To start off with, I declared a few constants. The first two being the fundamental set of characters for our numerals:

`constant @letters = ｢IVXLCDM｣.comb;`

constant @overlines = "\c[combining overline]", "\c[combining double overline]"; # These represent x 1000 and x 1000000

constant @letter-pairs = reverse # … the following code

These constants are then used to give us a list of all of our numerals:

`@letters[0], |( @letters, |@overlines.map( @letters X~ * ) ).map({`

gather {

for .rotor(3 => -1) -> @group {

for 1, 2 {

take @group[0, $_].join;

take @group[$_];

}

}

}

}).flat;

We start of by taking our `I`

from the list. Following that, we create a list of three groups of letters:

`@letters, |@overlines.map( @letters X~ * )`

# (I V X L C D M)(I̅ V̅ X̅ L̅ C̅ D̅ M̅)(I̿ V̿ X̿ L̿ C̿ D̿ M̿)

We split each of these into overlapping groups of three using `rotor`

, and then use the elements from each of those lists to `take`

our numerals:

`.rotor(3 => -1)`

# ((I V X) (X L C) (C D M))

# .[0,1], .[1], .[0,2], .[2] on each group gives us IV, V, IX, X etc

Now we want to assign all of these numerals their appropriate values. We do that using the following sequence:

`1, |( * X* 4, 5, 9, 10 ) … ∞`

What this sequence does is take the 1 and gives us that multiplied by 4, 5, 9 and 10. With the 10 now on the end of the list, the sequence is repeated, giving us 40, 50, 90 and 100. This continues ad infinitum for as many numbers as we need.

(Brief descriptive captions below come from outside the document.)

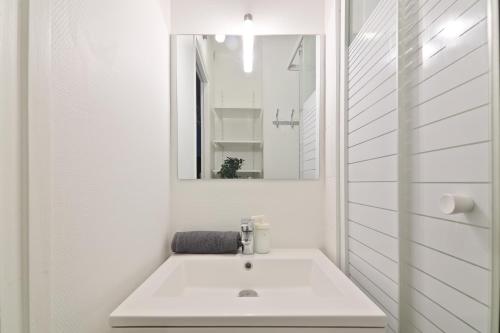 une salle de bain blanche avec un lavabo et un miroir dans l'établissement Heart of Paris - Studio - 2P - Invalides Free Netflix, à Paris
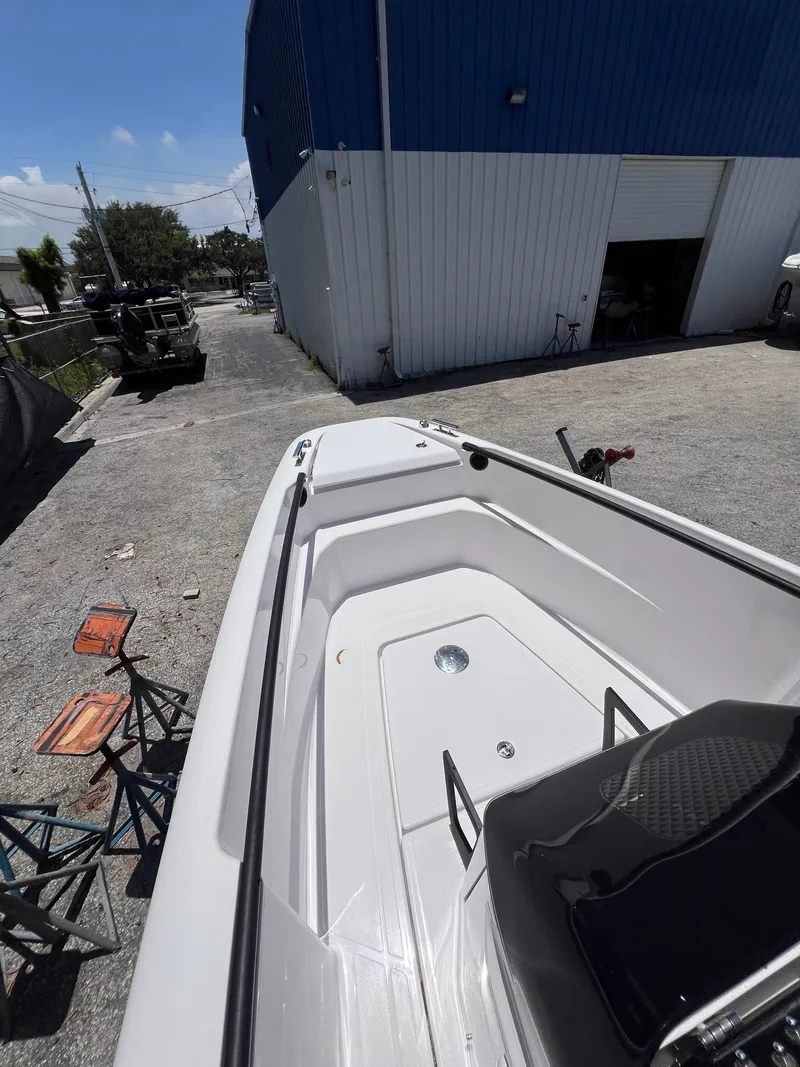 Slide: The Image of 2022 Axopar 22 T-Top boat parked outside a blue warehouse. - 7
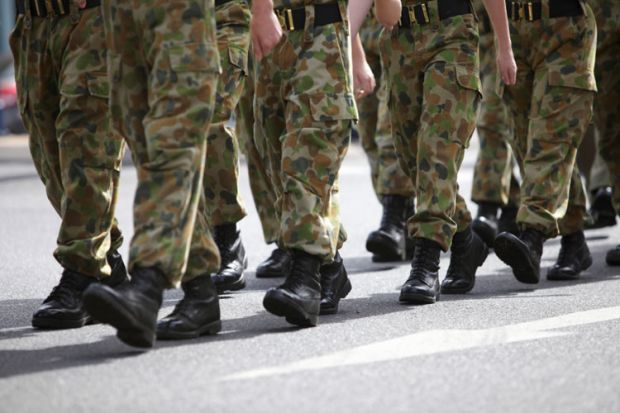 Soldiers in camouflage fatigues marching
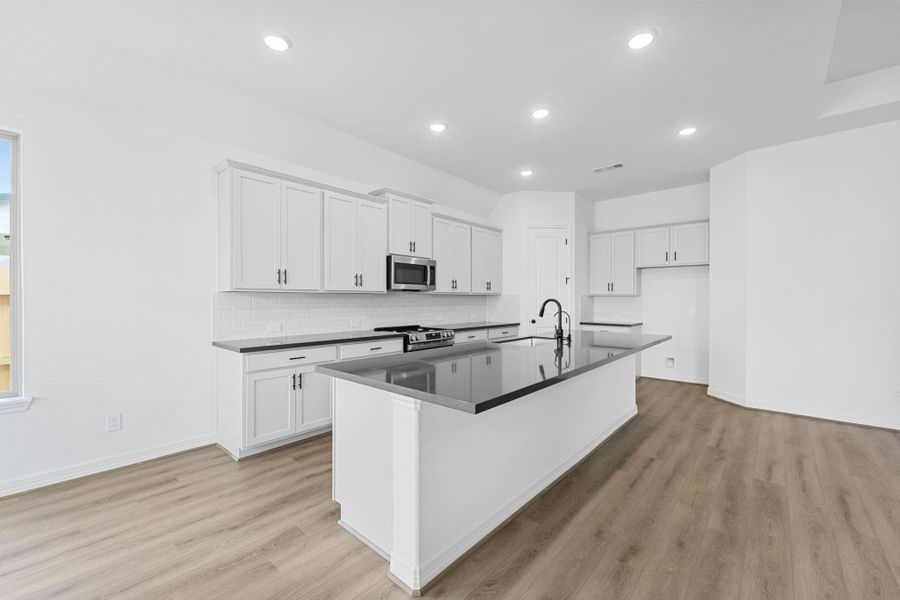 Furnished interior view inside a new home in Oakwood Estates, Waller (Image 5).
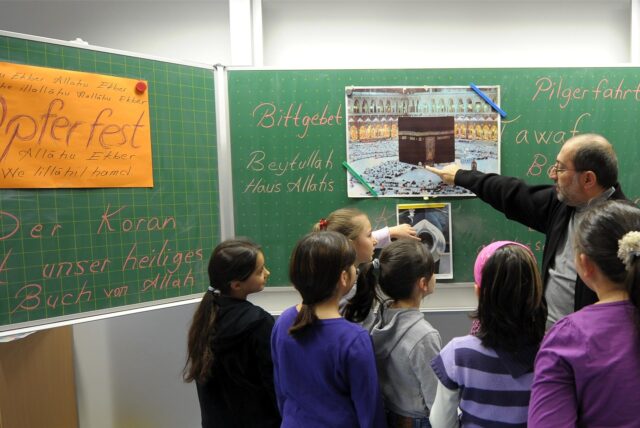 Lehrer und Kinder vor einer Tafel beim Islamunterricht.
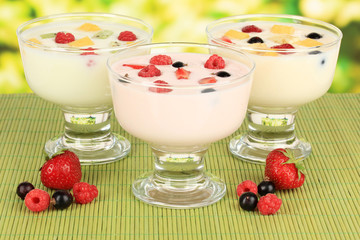 Delicious yogurt with fruit on table on bright background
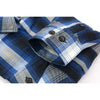 Close-up of Milwaukee Leather NexGen MNG11635 men's blue and white long sleeve cotton flannel shirt showing fabric texture and collar detail.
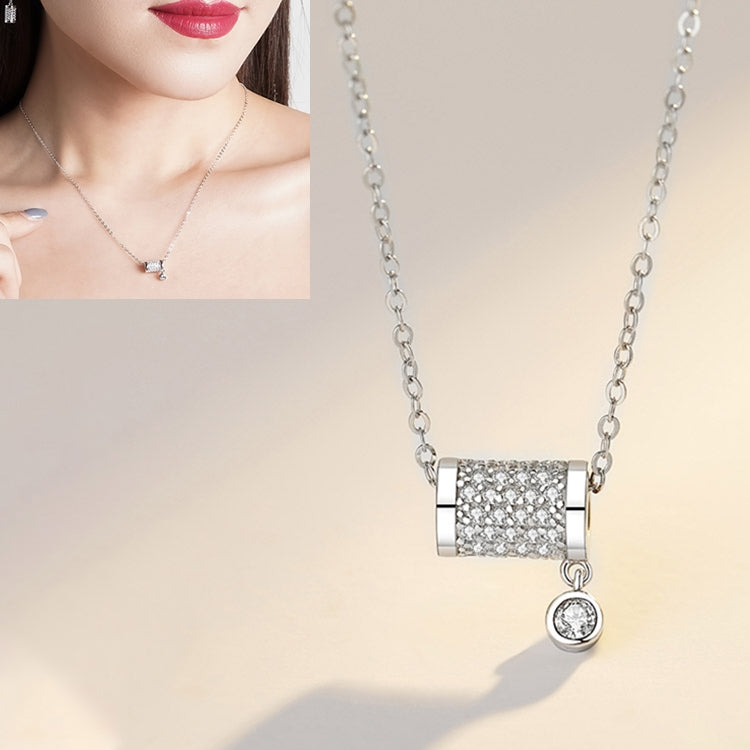 Silver chain necklace with rectangular crystal cuff pendant and small round dangling charm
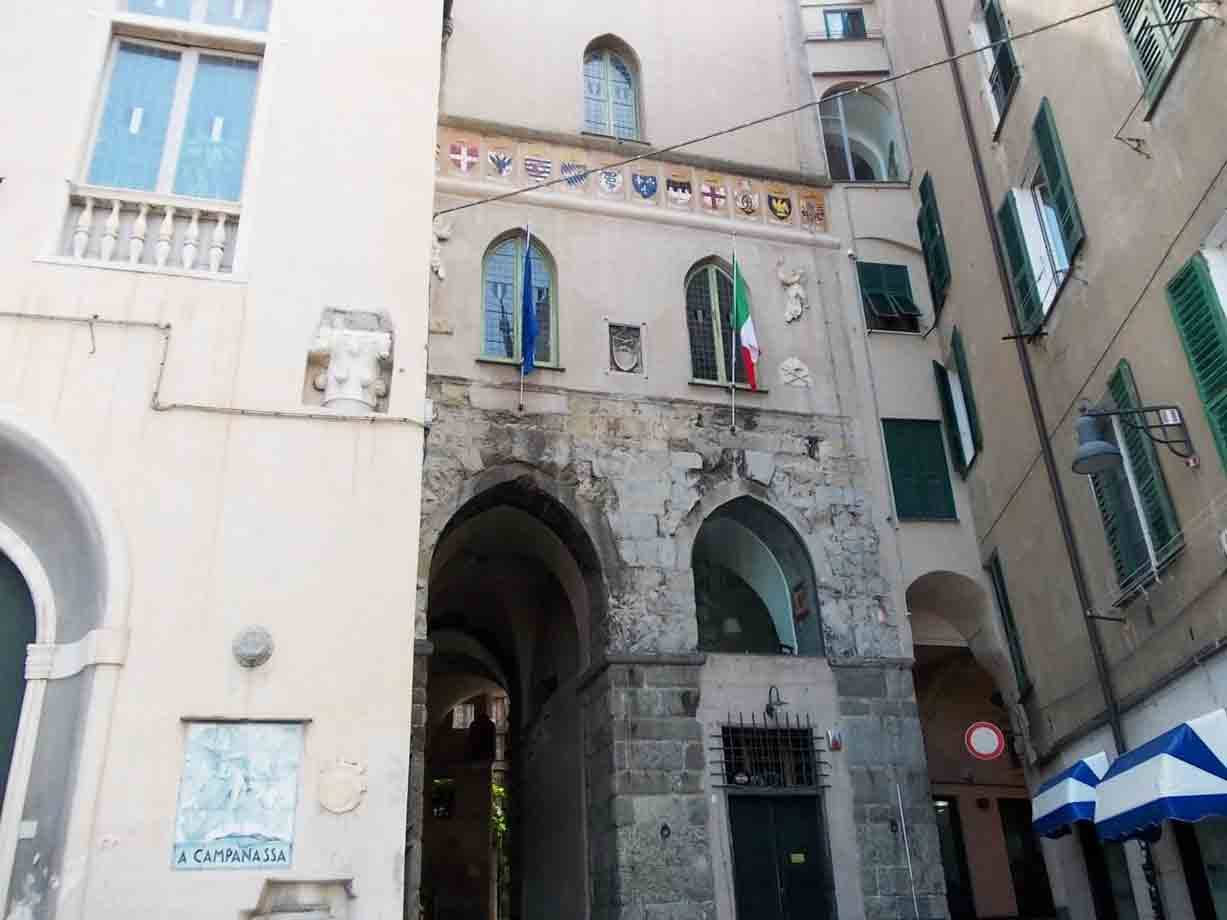 Porta dei Vacca a Genova, torri in pietra con archi e bandiere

Taking our list of numerals and zipping ( `z=>`

) them with the numbers gives us the list of pairs we’ll be using:

`:I(1), :IV(4), :V(5), :IX(9), :X(10), :XL(40) …`

# Converting Numbers to Roman Numerals

`given %(@letter-pairs.Map.antipairs) -> %letter-map {`

return [~] gather {

for $number.flip.comb.pairs.reverse {

given 10 ** .key -> $key {

when .value == 4 | 9 {

take %letter-map{ $key * .value };

}

take %letter-map{ $key * 5 } if .value ≥ 5;

take %letter-map{ $key } x .value % 5;

}

}

};

}

We start off with taking the list of pairs we defined earlier, and turning it into a hash with the keys being the Arabic number each Roman numeral represents. We then take the input (being `$number`

here) and transform it with:

`12345.flip.comb.pairs.reverse`

# 4 => 1, 3 => 2, 2 => 3, 1 => 4, 0 => 5

This gives us a place value for each digit we’re going to use, `10 ** .key`

giving us 10000, 1000, 100, etc.

We’re then going to `take`

each Roman numeral based on what we got:

`when .value == 4 | 9 {`

take %letter-map{ $key * .value };

}

take %letter-map{ $key * 5 } if .value ≥ 5;

take %letter-map{ $key } x .value % 5;

}

With the `when`

block, if the condition matches, control is returned to the parent block and any subsequent code is skipped. This would happen with our `1 => 4`

In `$key`

we would have `10`

. We look in the hash for the character assigned to `10 × 4`

, which is `40 => "XL"`

, and take that to be used in our eventual string. If the value is not 4 or 9, then we instead take the character representing our 5s, if we need it, and then a string of 1s, between 0 or 3 depending on what our value is.

12345 gives us X̅MMCCCXLV.

# Converting Roman Numerals to Numbers

`return [+] gather {`

my $str = $roman-string.uc;

for @letter-pairs -> $pair {

if $str ~~ / ^ ( $($pair.key) )+ / {

take ($pair.value xx $0).Slip;

$str.=substr($0.join.chars);

}

}

}

Our letter pairs are sorted from highest to lowest, as that’s typically how they’re given in Roman numeral format. Starting with our largest numeral, we take our string and attempt to match the start of it with a regex. The match is then stored in `$0`

.

If we did get a match, we take the value of that numeral, multiplied by how many we found e.g. if the numeral has XXX we take 10 three times. We then take the number of characters in that match and cut them off our string for our next iteration.

While there is some error checking (we throw an error if the string isn’t empty by the end), the routine is not very strict, and will still give a result if you enter a series of characters like XXXXX. It will however take the resulting value, convert it back to Roman to compare, and ask if you meant L 😉